MSORT
Msort's graphical user interface
- Description
- Comparison with GNU Sort and BSD Sort
- Details
- Documentation
- Downloads
- Environment
- Change Log
- Bugs
- Roadmap
msort is a program for sorting files in sophisticated ways.
It was originally developed for alphabetizing dictionaries of "exotic" languages
in formats like those used by Shoebox and Toolbox,
for which it has been extensively used, but is useful for many other purposes.
msort differs from typical sort utilities in providing greater flexibility
in parsing the input into records and identifying key fields
and greater control over the sort order. Its main distinctive features are:
- Msort can be used as a command-line program or via a graphical user
interface that is helpful not only to those who find a complicated
command line difficult to deal with but also to those unfamiliar with
the finer points of sorting.
- Records need not be single lines of text but may be delimited in a number of ways. Fixed length records are also supported.

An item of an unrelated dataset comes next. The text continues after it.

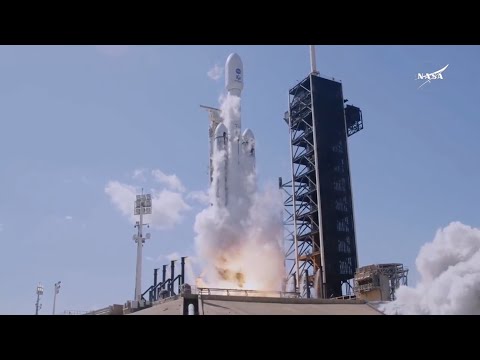 Blastoff! SpaceX Falcon Heavy launches Europa Clipper to Jupiter's ocean moon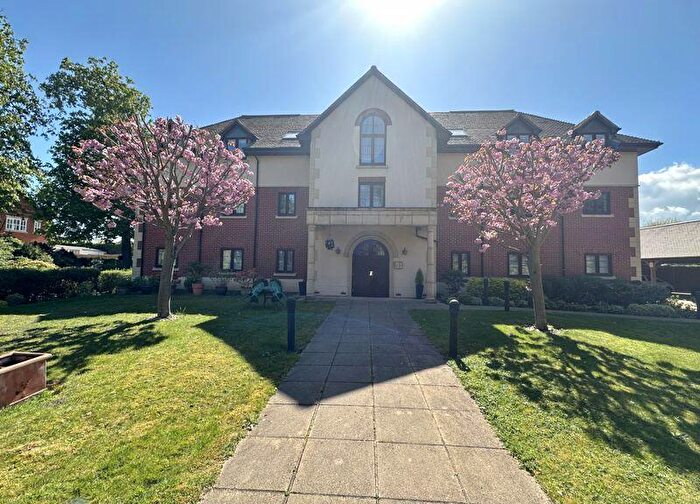 2 Bedroom Apartment For Sale In Orsett Village, RM16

- Key fields may be selected by position in the record (counting from the beginning or the end),
by character ranges (e.g. the key consists of the fourth through eighth characters),
or by matching a regular expression to a tag.
- For each key an arbitrary sort order may be specified. Msort also understands locales.

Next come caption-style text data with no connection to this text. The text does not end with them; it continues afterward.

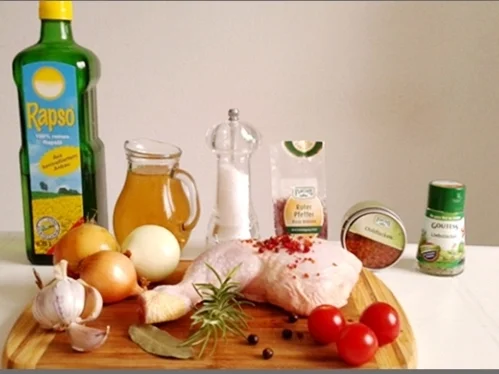 Rosmarin Hähnchenschenkel  auf  bunten  Bandnudeln - Rezept - Bild Nr. 1695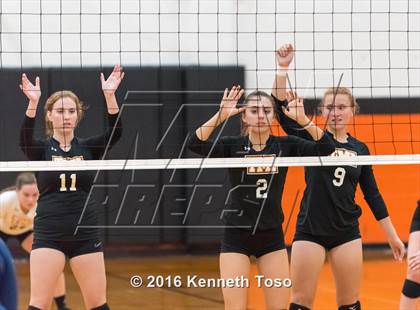 Thumbnail 2 in Providence Catholic @ TMI-Episcopal photogallery.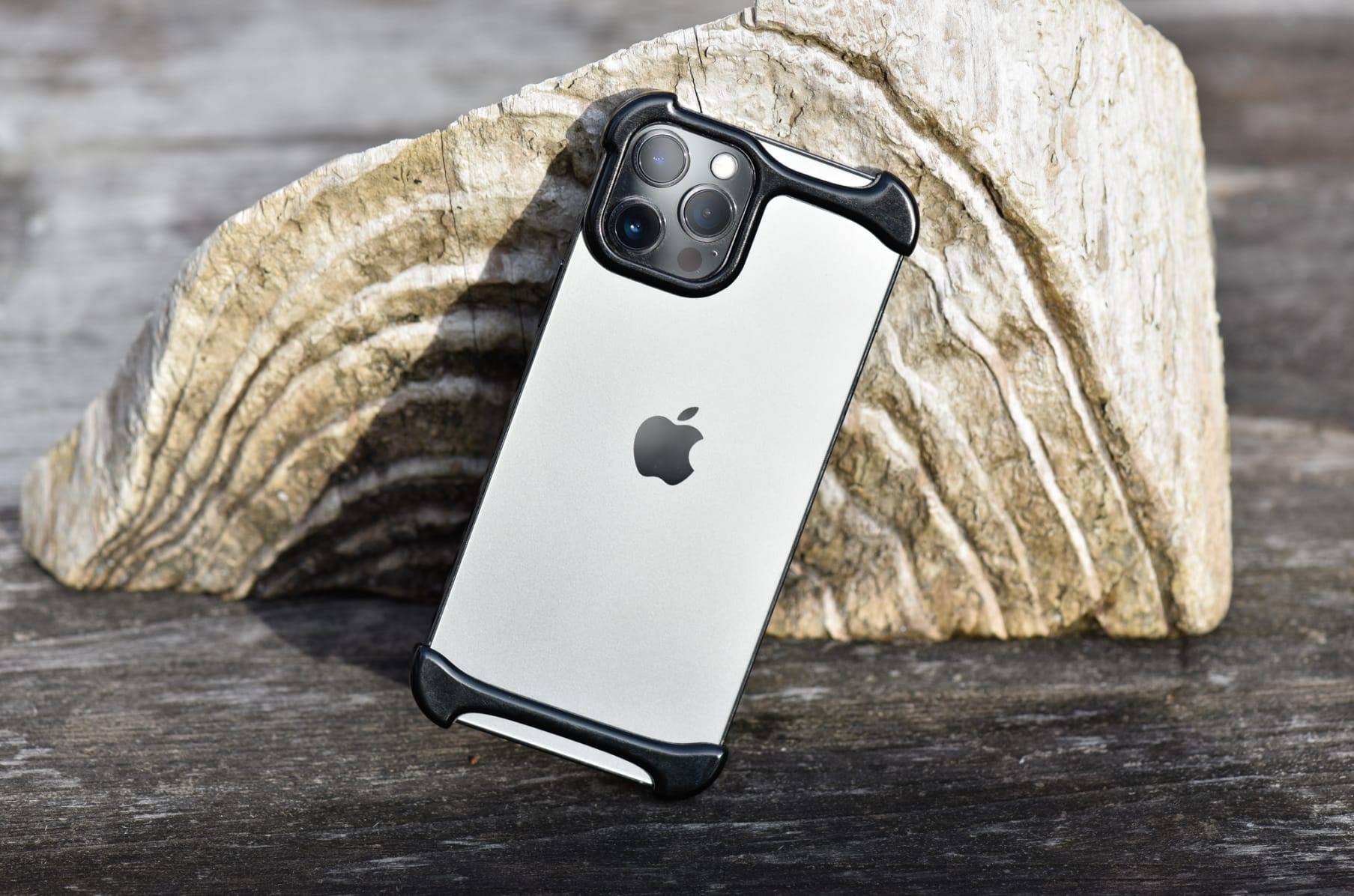 Arc Pulse: The case your iPhone 12 deserves. | Indiegogo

- For each key an effectively unlimited number of multigraphs (sequences of characters to be
treated as a single unit for purposes of sorting, "collating elements" in Unicode parlance)

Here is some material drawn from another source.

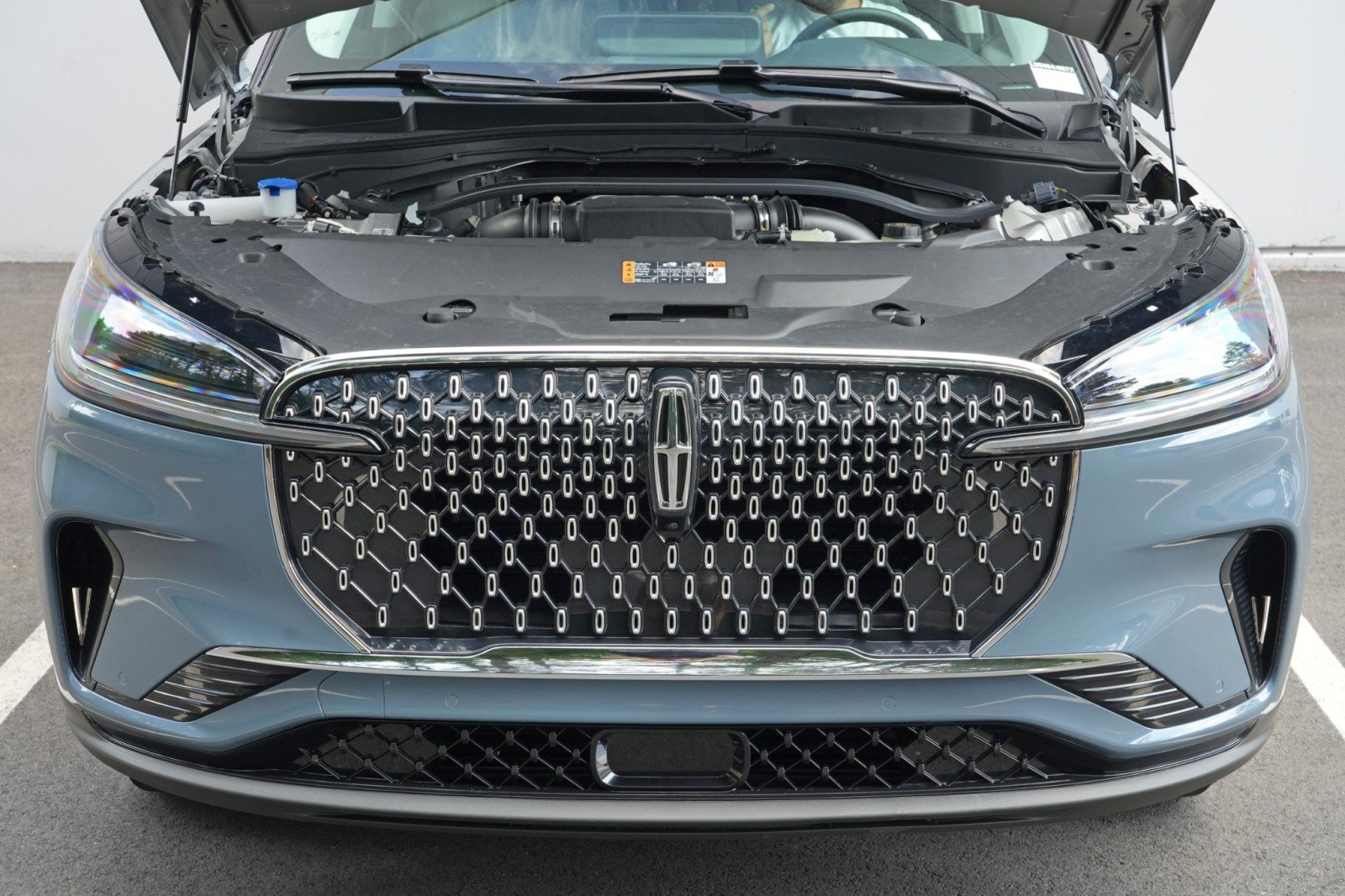 Used 2026 Lincoln Aviator AWD image 8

of effectively unlimited length may be defined.
- In addition to the usual lexicographic and numerical comparisons, msort supports
hybrid lexicographic-numeric comparison (for things like filenames and section headings,
so that, e.g., 2a will precede 10b),
random comparison, and ordering by
angle,
date,
time,
month name,
domain name/email address,
ISO8601 date-time,
and string length.
- Numbers may be in just about any known number system, e.g. Chinese
五十七 or Devanagari ३८२४९.
- For each key a distinct set of characters may be excluded from
consideration when sorting in any combination of initial, final, and medial
position in the key field.
- For each key a distinct set of regular expression substitutions may be defined.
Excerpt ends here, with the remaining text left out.